Ce n'è uno ogni anno. Il filmetto indipendente piccolo piccolo, così delizioso che pare mettere d'accordo tutti.
"Once" arriva però prima di "
Juno", essendo uscito in patria addirittura due anni fa. Da allora di strada ne ha fatta. Nel frattempo ha acquisito la fama di
cult (soprattutto tra i più giovani), vinto premi in ogni festival del pianeta, è uscito negli Usa incassando quasi venti milioni di dollari (a fronte dei soli 150mila di budget), e vinto pure un Oscar per la miglior canzone "Falling Slowly" (spingendo la relativa colonna sonora addirittura nella Top 10 della classifica Billboard).
Qui in Italia è rimasto congelato sugli scaffali dei distributori a lungo, finché il buon Nanni Moretti con la sua Sacher Film ha avuto la buona idea di mandarlo nelle sale.

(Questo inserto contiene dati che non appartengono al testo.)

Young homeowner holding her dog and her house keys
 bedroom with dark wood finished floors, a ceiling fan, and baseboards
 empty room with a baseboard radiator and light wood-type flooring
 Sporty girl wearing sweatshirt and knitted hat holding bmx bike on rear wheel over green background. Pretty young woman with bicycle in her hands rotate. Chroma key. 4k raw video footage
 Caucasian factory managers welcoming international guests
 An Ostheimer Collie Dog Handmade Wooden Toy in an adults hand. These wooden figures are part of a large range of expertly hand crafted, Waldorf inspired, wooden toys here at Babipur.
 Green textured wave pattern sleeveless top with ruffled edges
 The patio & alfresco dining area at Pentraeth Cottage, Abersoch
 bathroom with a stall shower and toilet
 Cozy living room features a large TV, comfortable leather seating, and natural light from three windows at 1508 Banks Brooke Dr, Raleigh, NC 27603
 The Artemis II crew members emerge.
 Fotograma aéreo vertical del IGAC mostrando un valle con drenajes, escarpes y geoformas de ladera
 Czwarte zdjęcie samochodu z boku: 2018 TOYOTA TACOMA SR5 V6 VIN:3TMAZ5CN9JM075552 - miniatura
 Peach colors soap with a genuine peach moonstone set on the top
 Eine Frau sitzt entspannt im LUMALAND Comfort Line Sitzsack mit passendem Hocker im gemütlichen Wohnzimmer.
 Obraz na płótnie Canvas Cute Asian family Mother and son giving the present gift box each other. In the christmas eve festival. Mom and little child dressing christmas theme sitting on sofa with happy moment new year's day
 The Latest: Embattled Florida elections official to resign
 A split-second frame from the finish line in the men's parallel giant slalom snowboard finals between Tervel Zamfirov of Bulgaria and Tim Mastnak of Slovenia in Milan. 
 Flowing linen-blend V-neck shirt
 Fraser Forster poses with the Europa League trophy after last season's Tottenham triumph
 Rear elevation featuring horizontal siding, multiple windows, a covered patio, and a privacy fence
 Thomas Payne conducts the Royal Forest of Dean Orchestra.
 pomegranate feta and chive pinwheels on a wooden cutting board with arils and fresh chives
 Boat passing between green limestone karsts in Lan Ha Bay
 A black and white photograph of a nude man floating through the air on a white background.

Così, eccolo qui, il famigerato "Once". Dunque, che avrà di così speciale questo film tanto amato? Forse è sbagliato avvicinarsi a un'opera con eccessive aspettative (ma come può essere altrimenti quando si è inesorabilmente bombardati da tante informazioni positive?), ma, a conti fatti, ci pare che questo film non abbia poi molto da dire.
Il breve incontro tra il musicista di strada dal cuore spezzato e la bella pianista ceca porta con sé reminescenze del bellissimo "Prima dell'alba" di Linklater, ma solo pensare che si avvicini alla miracolosa leggerezza del film citato è un'utopia. Per carità, non che "Once" sia un brutto film, si può vedere senza problemi. Il fatto è che non si discosta di una virgola da altri cento prodotti analoghi, e che il tutto pare più che altro un lungo
clip promozionale (un
videoclip, difatti, è il lungo piano sequenza della protagonista che per strada intona "If You Want Me") per lanciare la carriera solista del cantante-attore Glen Hansard (leader dei Frames) e della compagna (anche nella vita) Markéta Irglovà.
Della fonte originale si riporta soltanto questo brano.